KAGGLE_INPUT_PATH='/kaggle/input'
KAGGLE_WORKING_PATH='/kaggle/working'
KAGGLE_SYMLINK='kaggle'

!umount /kaggle/input/ 2> /dev/null
shutil.rmtree('/kaggle/input', ignore_errors=True)
os.makedirs(KAGGLE_INPUT_PATH, 0o777, exist_ok=True)
os.makedirs(KAGGLE_WORKING_PATH, 0o777, exist_ok=True)

try:
  os.symlink(KAGGLE_INPUT_PATH, os.path.join("..", 'input'), target_is_directory=True)
except FileExistsError:
  pass
try:
  os.symlink(KAGGLE_WORKING_PATH, os.path.join("..", 'working'), target_is_directory=True)
except FileExistsError:
  pass

for data_source_mapping in DATA_SOURCE_MAPPING.split(','):
    directory, download_url_encoded = data_source_mapping.split(':')
    download_url = unquote(download_url_encoded)
    filename = urlparse(download_url).path
    destination_path = os.path.join(KAGGLE_INPUT_PATH, directory)
    try:
        with urlopen(download_url) as fileres, NamedTemporaryFile() as tfile:
            total_length = fileres.headers['content-length']
            print(f'Downloading {directory}, {total_length} bytes compressed')
            dl = 0
            data = fileres.read(CHUNK_SIZE)
            while len(data) > 0:
                dl += len(data)
                tfile.write(data)
                done = int(50 * dl / int(total_length))
                sys.stdout.write(f"\r[{'=' * done}{' ' * (50-done)}] {dl} bytes downloaded")
                sys.stdout.flush()
                data = fileres.read(CHUNK_SIZE)
            if filename.endswith('.zip'):
              with ZipFile(tfile) as zfile:
                zfile.extractall(destination_path)
            else:
              with tarfile.open(tfile.name) as tarfile:
                tarfile.extractall(destination_path)
            print(f'\nDownloaded and uncompressed: {directory}')
    except HTTPError as e:
        print(f'Failed to load (likely expired) {download_url} to path {destination_path}')
        continue
    except OSError as e:
        print(f'Failed to load {download_url} to path {destination_path}')
        continue

print('Data source import complete.')


Downloading 100-bird-species, 2099628449 bytes compressed
Downloaded and uncompressed: 100-bird-species
Data source import complete.


In [None]:
import pandas as pd
import numpy as np
import tensorflow as tf
from sklearn.preprocessing import LabelEncoder

In [None]:
#Read the csv file, containing all training images' paths and their corresponding labels
data = pd.read_csv('/kaggle/input/100-bird-species/birds.csv')
print("The first five columns of the csv file are as shown")
print(data.head(5))
print("\n")

size = data.shape[0]
print(f"The size of the dataset is {size}")

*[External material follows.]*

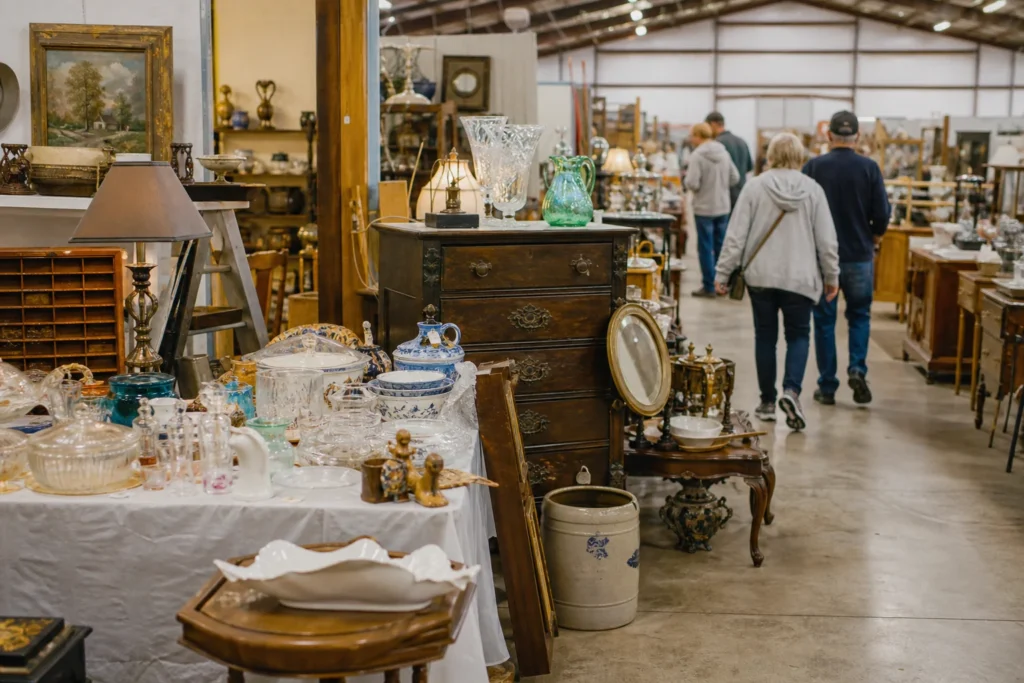 shoppers browsing antique and vintage market stalls at Antique Alley Arkansas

#Check the number of classes in the dataset
NUM_CLASS = data['labels'].nunique()
print(f"The total number of classes is this dataset is {NUM_CLASS}")

FileNotFoundError: [Errno 2] No such file or directory: '/kaggle/input/100-bird-species/birds.csv'

In [None]:
#Random seed setting
tf.random.set_seed(42)

#Defining important hyperparameters used in the training process
#The transfer learning is based on Resnet50
BATCH_SIZE = 32
NUM_EPOCHS = 10
IMG_H = IMG_W = 224
IMG_SIZE = 224
IMG_CHANNELS = 3
NUM_EXAMPLES = size
BUFFER_SIZE = 1024

In [None]:
#Split the data into train, test, and validation based on their labels on the csv file
split_data = {label: instances for label, instances in data.groupby("data set")}
data_train = split_data["train"]
data_valid = split_data["valid"]
data_test = split_data["test"]

In [None]:
#Create a new label encoder
label_encoder = LabelEncoder()

#Extract the label from the dataset and apply sparse encoding to it
label_train = label_encoder.fit_transform(data_train["labels"])
label_valid = label_encoder.fit_transform(data_valid["labels"])
label_test = label_encoder.fit_transform(data_test["labels"])

#Convert these sparse encoded label, into a tf dataset
label_train = tf.data.Dataset.from_tensor_slices(label_train)
label_valid = tf.data.Dataset.from_tensor_slices(label_valid)
label_test = tf.data.Dataset.from_tensor_slices(label_test)

In [None]:
#For both train, validation, and test data, create tensor and preprocessing
filepaths_train = data_train["filepaths"].tolist()
filepaths_val = data_valid["filepaths"].tolist()
filepaths_test = data_test["filepaths"].tolist()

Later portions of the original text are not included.